Kazdy ma jakis fundament osobowosci, nienaruszalne przekonanie - cos co
ja integruje, ale moje ewoluowalo z samooceny, jej kryteriow oraz
odniesien do wzorcow do wyzszej formy, chyba juz gdzies w podstawowce.
W zasadzie to dosc szczegolowo opisalem co to jest nie sprowadzajac tego
do konkretnej definicji i nie chcialbym jej tu sprowadzac, poniewaz
wtedy taka informacja bylaby juz dla ciebie bezpowrotnie bezwartosciowa.
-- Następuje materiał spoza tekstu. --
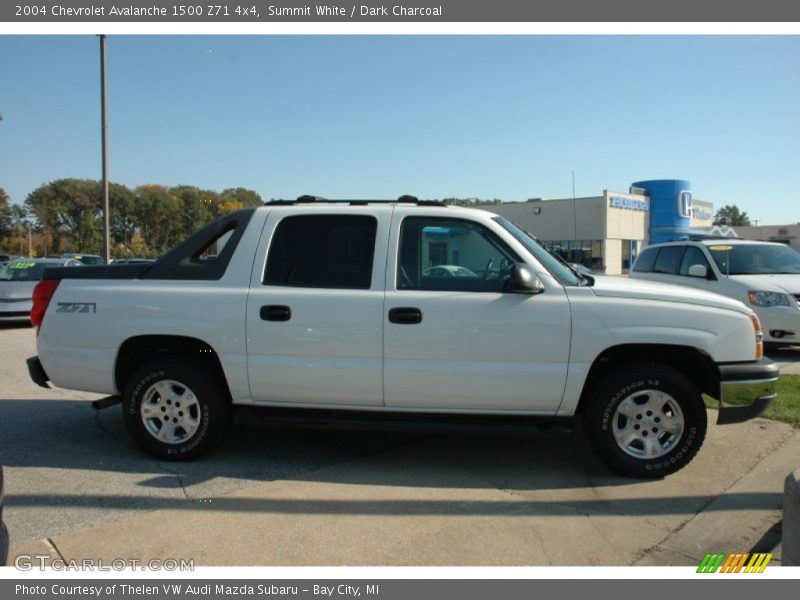 Summit White / Dark Charcoal 2004 Chevrolet Avalanche 1500 Z71 4x4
Jest to informacja tego typu, ktora nagle sie 'materializuje' w umysle i
az sie czlowiek dziwi, ze wczesniej nie wpadl na cos tak oczywistego,
ale gdy sama sie 'zmaterializuje' to wnosi do umyslu cala konsekwencje
tego, czyli bogactow powiazan skojarzeniowych i wyrabia mechanizm pod
kolejne tego typu 'materializacje', ktore przychodza potem szybciej i
latwiej.
>> Oszacowanie wymiernych i niewymiernych?
>> Jakosciowo czy/i ilosciowo?
>> Jedna metoda czy roznymi?
>
> Jestem człowiekiem, nie maszyną.
>
>> Pomijajac juz fakt, ze najwyrazniej ocena i szacowanie to dla ciebie
>> jedno.
>
> A czym to się różni?
Najwidoczniej nigdy w nie dokonalas ani jednego, ani drugiego w jakis
usytematyzowany sposob i dla tego nie widzisz roznicy.
>> Moze i chcialabys o czyms porozmawiac, ale twoja logika powiedziala
>> juz nam raczej do widzenia.
>
> Hm, może bym i chciała, ale szacuję, że osiągnęłam już limit empatii dla
> ciebie.
Sam chyba trafniej bym tego nie ujal.
Tobie po prostu chce sie czuc, a nie myslec i dla tego rozmowa z toba
nigdy nie bedzie miala wiekszego sensu.
Owszem, moge byc zachecajacy do rozmowy, tylko ze ty nigdy nie chcesz
niczego wartosciowego dla mnie dac w zamian.